Campioni di siero e saliva di Blaha sono stati prelevati prima della sua partenza, lo scorso settembre. Raggiunta l’orbita, all’astronauta sono stati iniettati degli antigeni per via sottocutanea; nelle settimane successive, nuovi campioni sono stati prelevati e analizzati periodicamente per misurare la rapidità della risposta immunitaria.

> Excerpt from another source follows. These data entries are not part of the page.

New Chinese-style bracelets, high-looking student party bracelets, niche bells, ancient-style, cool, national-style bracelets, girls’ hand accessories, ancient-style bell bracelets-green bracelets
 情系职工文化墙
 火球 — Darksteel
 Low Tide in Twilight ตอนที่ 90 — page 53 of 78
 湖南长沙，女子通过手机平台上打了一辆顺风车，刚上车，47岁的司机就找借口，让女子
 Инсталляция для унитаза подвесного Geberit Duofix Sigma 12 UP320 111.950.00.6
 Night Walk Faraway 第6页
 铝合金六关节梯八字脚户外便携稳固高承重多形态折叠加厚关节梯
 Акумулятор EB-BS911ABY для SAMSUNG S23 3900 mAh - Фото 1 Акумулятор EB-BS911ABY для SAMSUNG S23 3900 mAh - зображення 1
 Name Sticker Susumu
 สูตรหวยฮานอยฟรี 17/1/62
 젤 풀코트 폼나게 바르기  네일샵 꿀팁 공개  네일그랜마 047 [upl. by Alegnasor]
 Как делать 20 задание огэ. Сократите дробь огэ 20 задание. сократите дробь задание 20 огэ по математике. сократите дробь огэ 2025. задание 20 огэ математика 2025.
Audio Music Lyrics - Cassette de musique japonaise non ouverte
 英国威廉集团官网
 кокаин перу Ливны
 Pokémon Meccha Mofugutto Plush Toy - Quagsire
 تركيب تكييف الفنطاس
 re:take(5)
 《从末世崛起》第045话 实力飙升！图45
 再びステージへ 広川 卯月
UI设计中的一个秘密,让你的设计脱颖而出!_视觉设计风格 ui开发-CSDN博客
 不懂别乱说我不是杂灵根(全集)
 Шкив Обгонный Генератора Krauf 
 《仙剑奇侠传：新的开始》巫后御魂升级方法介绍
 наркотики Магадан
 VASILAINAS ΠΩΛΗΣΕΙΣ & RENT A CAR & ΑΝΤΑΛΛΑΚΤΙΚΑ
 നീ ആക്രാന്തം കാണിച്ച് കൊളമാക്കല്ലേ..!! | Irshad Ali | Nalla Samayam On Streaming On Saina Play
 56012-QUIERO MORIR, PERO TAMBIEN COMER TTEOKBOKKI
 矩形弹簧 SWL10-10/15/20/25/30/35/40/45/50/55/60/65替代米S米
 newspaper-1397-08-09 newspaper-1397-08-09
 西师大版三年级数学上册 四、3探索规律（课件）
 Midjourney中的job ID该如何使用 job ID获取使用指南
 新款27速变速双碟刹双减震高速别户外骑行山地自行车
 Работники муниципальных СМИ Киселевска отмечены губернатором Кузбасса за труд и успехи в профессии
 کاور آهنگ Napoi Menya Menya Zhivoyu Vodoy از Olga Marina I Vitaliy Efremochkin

I primi risultati indicano tempi di reazione molto più lunghi del normale. E’ già noto da anni che l’assenza di gravità provoca nell’organismo degli astronauti una ridistribuzione dei fluidi, e di conseguenza un’alterazione della concentrazione dei globuli bianchi nel sangue che impoverisce il sistema immunitario. Più di recente, un esperimento in orbita su colture in vitro di linfociti T ha dimostrato che l’assenza di gravità inibisce la proliferazione e l’attivazione delle cellule e dunque riduce l’efficacia della risposta immunitaria cellulare. I test effettuati su Blaha rivelano ora che anche la produzione di anticorpi, ovvero l’immunità umorale, è alterata dall’assenza di peso. ”Sembra quasi che tutti i meccanismi di difesa e rigenerazione dell’organismo siano rallentati”, ha commentato l’astronauta, “durante la permanenza sulla Mir, mi sono tagliato nel cambiare una lampadina e la ferita non si è rimarginata fino al mio rientro a Terra. Persino le unghie e i capelli crescono più lentamente”.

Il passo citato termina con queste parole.